#### [EXERCISE DATA]
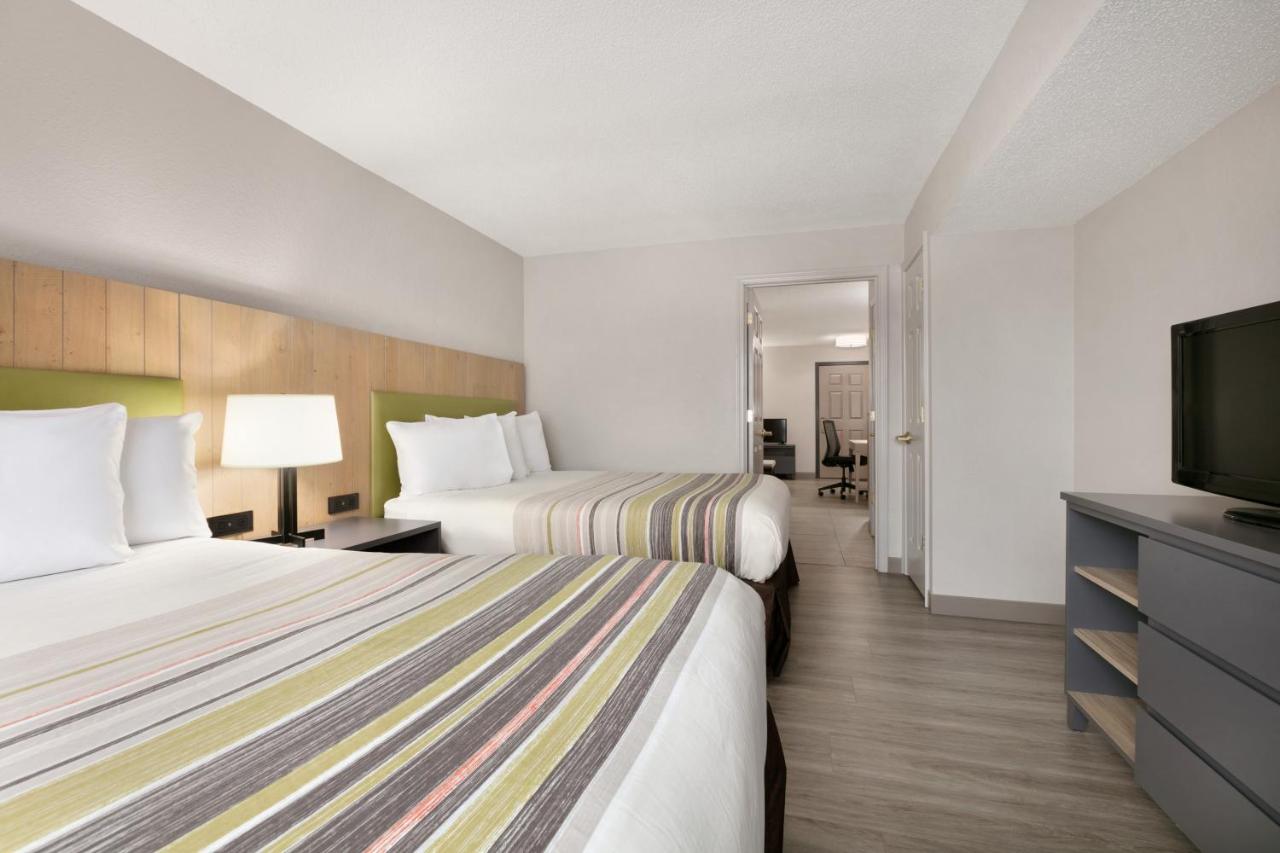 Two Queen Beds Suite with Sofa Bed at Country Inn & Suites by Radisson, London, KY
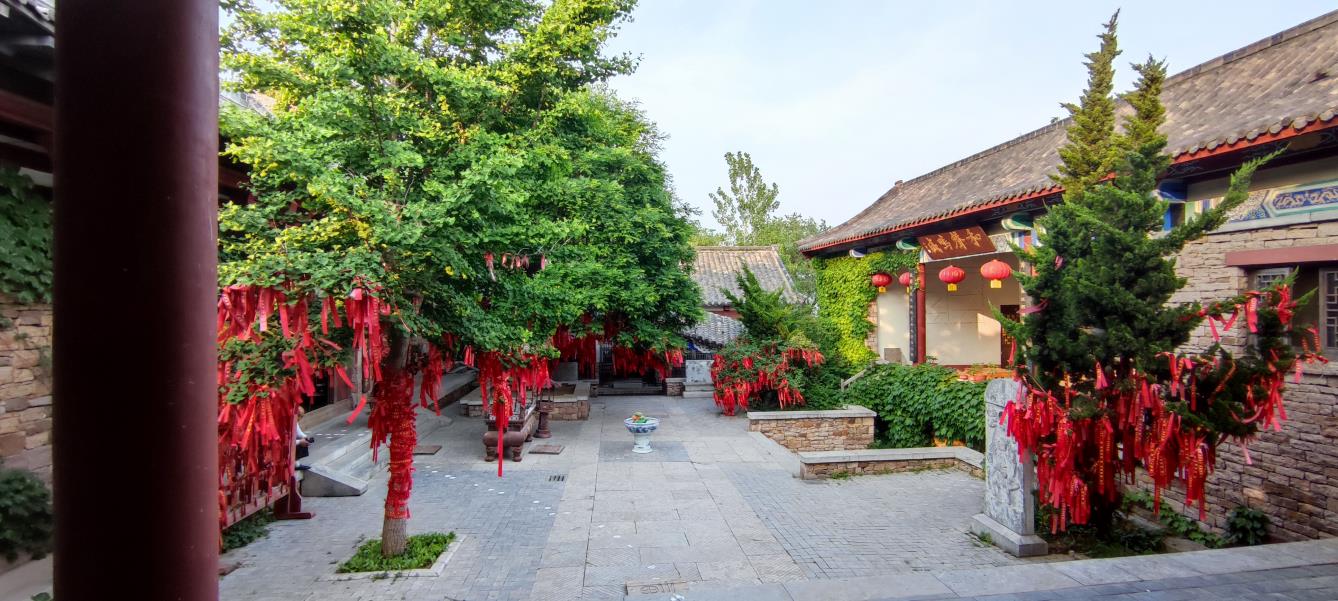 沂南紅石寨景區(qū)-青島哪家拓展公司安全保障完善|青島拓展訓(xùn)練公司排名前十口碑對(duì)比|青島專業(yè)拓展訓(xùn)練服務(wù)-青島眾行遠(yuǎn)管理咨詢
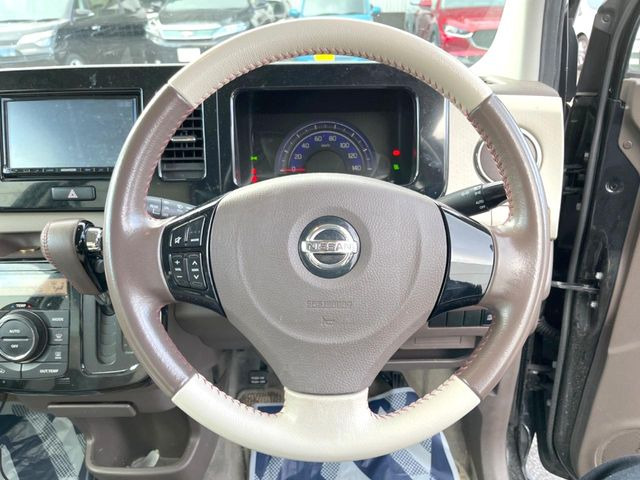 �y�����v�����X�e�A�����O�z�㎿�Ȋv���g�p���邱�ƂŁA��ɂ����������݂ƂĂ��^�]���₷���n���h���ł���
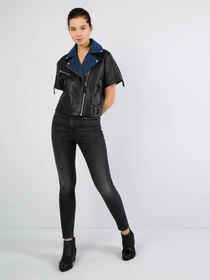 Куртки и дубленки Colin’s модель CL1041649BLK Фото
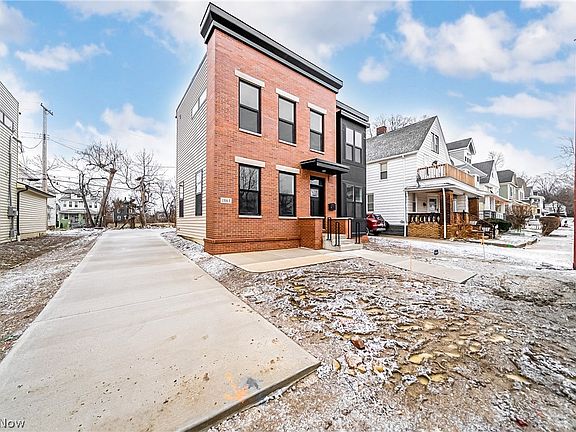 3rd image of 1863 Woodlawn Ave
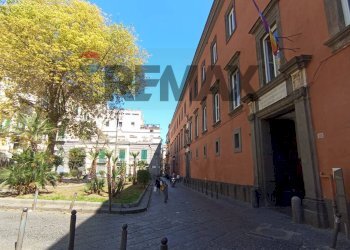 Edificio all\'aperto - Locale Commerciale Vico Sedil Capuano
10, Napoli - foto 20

#### [ACTION ITEM]
Without the pictures, print the whole listing exactly as given.

#### [OUTPUT BELOW]
 Two Queen Beds Suite with Sofa Bed at Country Inn & Suites by Radisson, London, KY
 沂南紅石寨景區(qū)-青島哪家拓展公司安全保障完善|青島拓展訓(xùn)練公司排名前十口碑對(duì)比|青島專業(yè)拓展訓(xùn)練服務(wù)-青島眾行遠(yuǎn)管理咨詢
 �y�����v�����X�e�A�����O�z�㎿�Ȋv���g�p���邱�ƂŁA��ɂ����������݂ƂĂ��^�]���₷���n���h���ł���
 Куртки и дубленки Colin’s модель CL1041649BLK Фото
 3rd image of 1863 Woodlawn Ave
 Edificio all\'aperto - Locale Commerciale Vico Sedil Capuano
10, Napoli - foto 20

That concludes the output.